Ricordare significa richiamare al cuore. È un’azione che permette a ciò che facciamo, diciamo, pensiamo, di restare anche dopo l’immediato presente. Come le tradizioni, che esistono grazie alla memoria. E io sono grata alla città di Rosolini che non dimentica e si impegna tutto l’anno pur di mantenere vive le tradizioni. Tradizioni secolari che nascono dall’intreccio tra l’autentica devozione dei Santi e il pomposo costume del popolo.
Ph. cr. Tommaso Latina
San Giuseppe è una delle feste che più attendo. Sin dalle prime luci della domenica mattina, quando i colpi di cannone e lo scampanio a festa annunciano il giorno in onore del Santo Patriarca. Sento l’urgenza di vivere i diversi momenti della giornata e di saziare gli occhi così bramosi di imprimere nella mente immagini colpite dal sole. Immagini che raccontano quella che un tempo era appellata “a cursa re cavadda”. Oggi, per il benessere degli animali e per ragioni di ordine pubblico, la corsa è vietata. Si raccomanda il trotto, cioè l’andatura del cavallo intermedia tra il passo e il galoppo, che prende i toni di un’allegra e ritmata passeggiata.
Nel folklore, San Giuseppe significa anche e soprattutto stazionare al balcone. Osservare, ammaliata, i colori di carri e calessi artisticamente addobbati, di cavalli bardati, i bambini aggrappati alle transenne pur di conquistare la prima fila. E poi le voci. Udire le parole in vernacolo dei fantini (i cavaddhari) che si confondono ai nitriti, alle tarantelle, al rumore degli zoccoli sull’asfalto. E ancora, i gerani di mamma, gli amici che salgono frettolosi le scale, la casa che profuma di sugo e di finocchi gratinati.

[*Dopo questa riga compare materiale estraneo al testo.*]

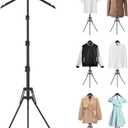 Adjustable Shirt Display Stand 32-63 Inch, Foldable Mannequin Torso Clothes Steamer Stand Clothing Display Stand for Vendors Display T Shirt, Graduation Cap and Gown, Dress, Jacket, Coat (1Pcs)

Oggi, i fornelli erano spenti ma la memoria ben accesa. E ai mille volti incrociati unisco quelli di cui il posto a tavola rimane vacante, protagonisti immortali e costruttori degli amorevoli ricordi del mio passato.
Cambia la società, cambiano i tempi, ma se si mantiene vivo il mos maiorum, la comunità resta quel gruppo coeso a cui senti di appartenere, il solo che può capire cosa significa radunarsi in piazza, post prandium, vincendo la sonnolenza, per il semplice piacere di assistere alla cena votiva: con i signori che battono i doni all’asta, interrotti di tanto in tanto dal suono delle campane a festa.
Viva San Giuseppe e grazie a chi continua a preservare le tradizioni e le trasmette ai propri figli, che ne diventeranno – a loro volta- custodi e ambasciatori.
Viva San Giuseppe, il Santo Patriarca, Patrono di Rosolini, il Padre e la fertilità, la figura che, più di tutte, annuncia la buona novella di una nuova primavera.
Buon respiro, buona festa a tutti e tutte!